=== SOURCE DATA ===
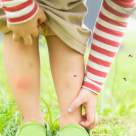 5 solutii pentru calmarea pielii dupa intepaturile de insecte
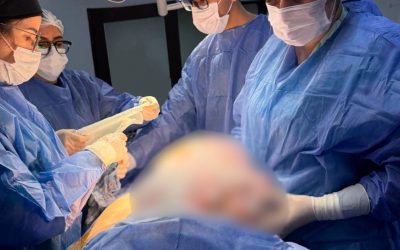 Tumor de 11 kilos es extirpado a una mujer de 56 años en PJC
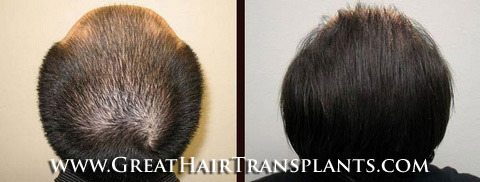 hair loss treatments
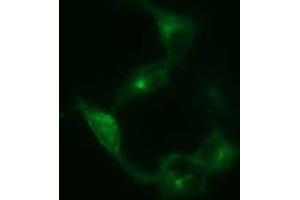Image no. 1 for anti-Synaptophysin (SYP) antibody (ABIN1501255)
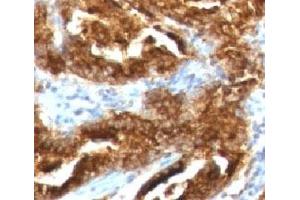 IHC testing of human prostate carcinoma with TAG-72 antibody (CA72/733). (TAG-72 抗体)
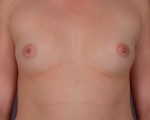 Breast Augmentation Before and after photo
===
TASK BRIEF: An exact copy of the material is required, minus the pictures.

RESULT FOR THIS TASK:
 5 solutii pentru calmarea pielii dupa intepaturile de insecte
 Tumor de 11 kilos es extirpado a una mujer de 56 años en PJC
 hair loss treatments
Image no. 1 for anti-Synaptophysin (SYP) antibody (ABIN1501255)
 IHC testing of human prostate carcinoma with TAG-72 antibody (CA72/733). (TAG-72 抗体)
 Breast Augmentation Before and after photo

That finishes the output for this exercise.